■ **SUPPLIED INFORMATION**
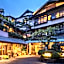 Arima Onsen Tocen Goshoboh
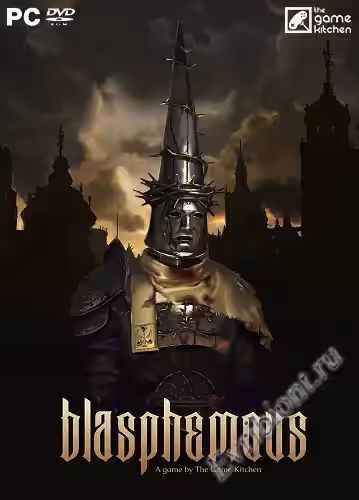 Просмотреть рекомендованную игру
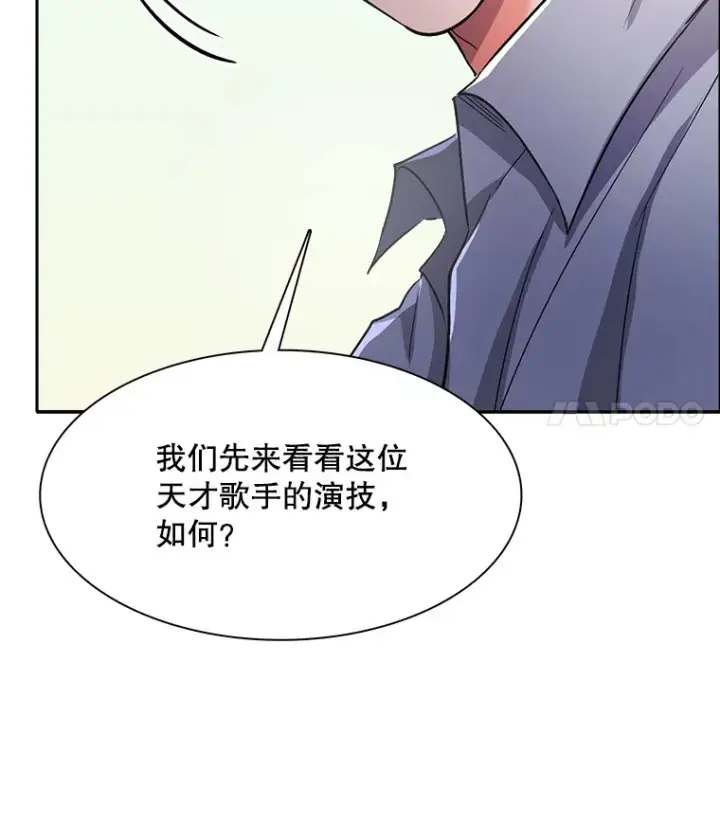 漫画《天生巨星》56.综艺“首秀”第11张图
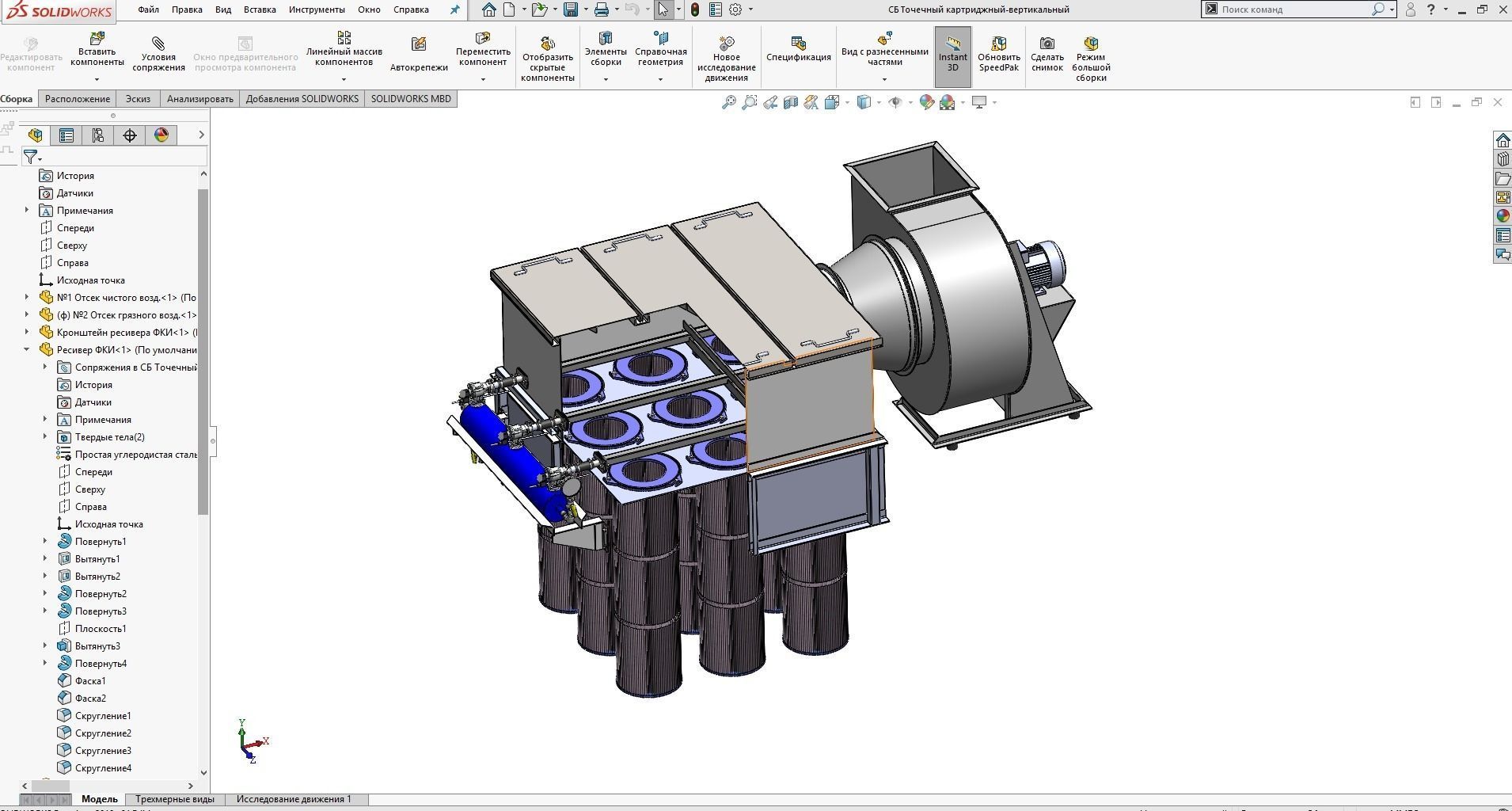 Cartridge filter vertical 3D model CGTrader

■ **THE TASK**
Could you reproduce all of the material exactly? Keep the pictures out of it.

■ **TASK RESULT**
 Arima Onsen Tocen Goshoboh
 Просмотреть рекомендованную игру
 漫画《天生巨星》56.综艺“首秀”第11张图
 Cartridge filter vertical 3D model CGTrader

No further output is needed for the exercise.